We've got good news, bad news, and more good news today for shareholders of Puerto Rican banking giant Popular (NASDAQ:BPOP). The first batch of good news is that the island commonwealth's largest financial institution beat consensus analyst estimates for the second quarter running. On Friday, Popular reported Q2 2005 earnings per share of $0.48, which was $0.04 above expectations and slightly better than $0.47 a year ago. What's more, net income increased by 4% compared with Q2 2004.

And the bad news? Well, when you compare Popular's return on assets for Q2 2005 against its numbers from a year ago, you find that ROA declined from 1.3% to 1.2%. Return on equity fell in tandem, from 18.8% to 17.1%. Since our targeted numbers for high-quality banks such as Popular are 2% or better in ROA and 20% or better in ROE, the company's numbers moved in the wrong direction this quarter.

But there's more good news, right? Indeed there is. Taking a longer-term view, and comparing the year-to-date results for the first half of fiscal 2005 with those of 1H 2004, things look considerably better for Popular. ROA remained stable from year to year, at 1.3%, and ROE actually increased from 18.4% to 19.4%.
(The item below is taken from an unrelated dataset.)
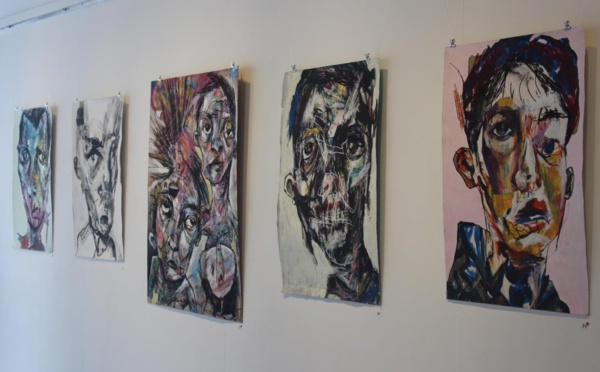 Trois artistes tongiens en résidence au centre des métiers d’art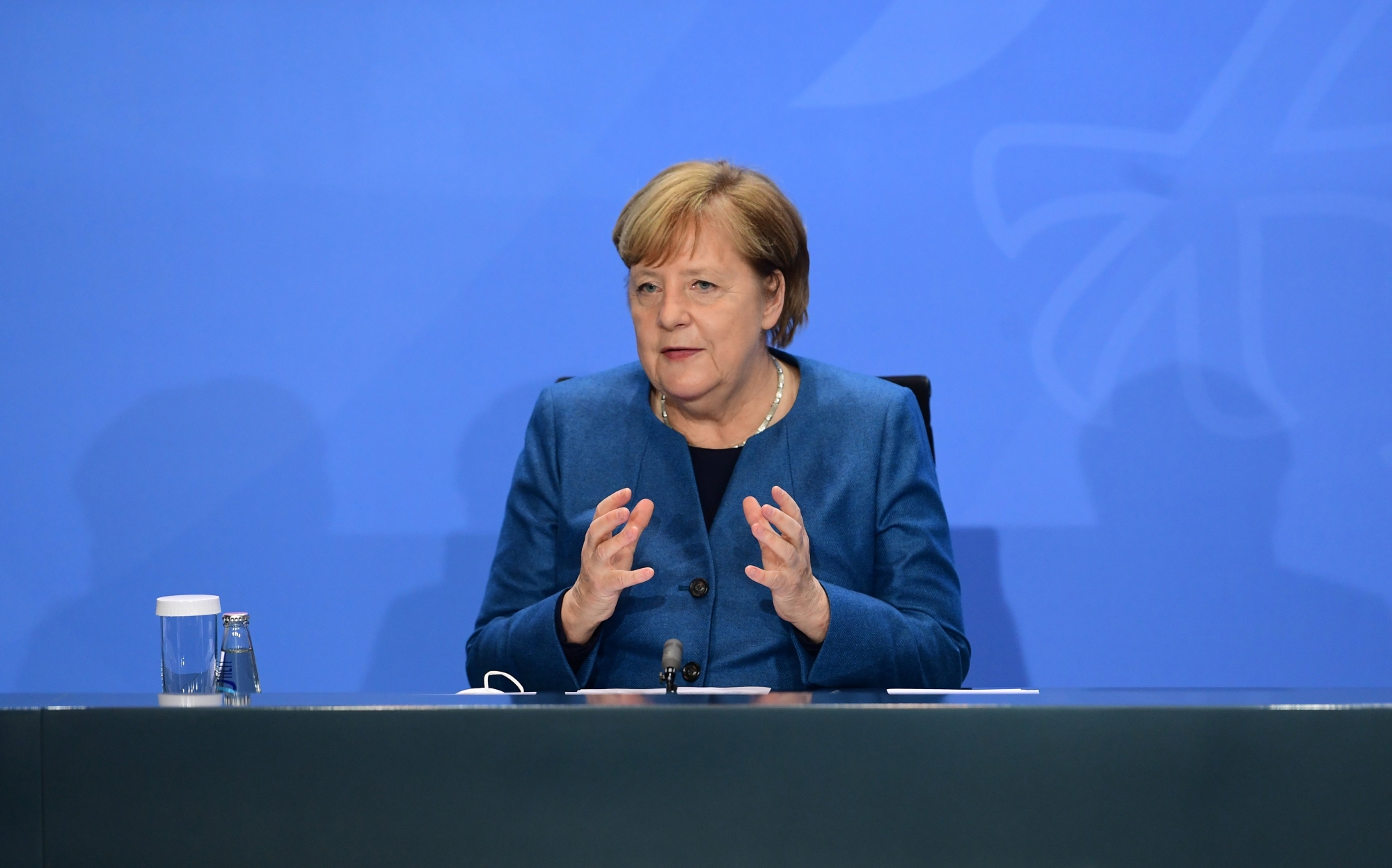 «Nous ferons un bilan intermédiaire dans deux semaines pour voir  s’il y a lieu d’adapter ces mesures», a déclaré mercredi la chancelière  allemande Angela Merkel.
In fact, standing out most strikingly in Popular's incredibly detailed and investor-friendly report was the large number of entries showing double-digit year-on-year gains:

  • Total assets up 20.5% (to $46 billion).
  • Total loans up 24.4%.
  • Earning assets up 19.4%.
  • Deposits up 17.8%.

In happy contrast, the "bad" entries generally showed just single-digit gains:

  • Non-performing assets up just 1.6%.
  • Net loan charge-offs up only 5.4%.
  • Allowance for loan losses up 7.3%.

While an investor would rather see declines among the bad entries, the next best thing is growth in the good numbers outpacing growth in the bad ones. And that, Popular had in spades. Growing as fast as it is, and absorbing two non-Puerto Rican U.S. banks -- Quaker City Bank and Kislak Financial -- in the past year, Popular should have been expected to increase its absolute numbers of bad loans and write-offs of the same. But as long as it can keep bringing in more good business than bad, Popular should be able to live up to its name among investors.

Fool contributor Rich Smith does not own shares of Popular.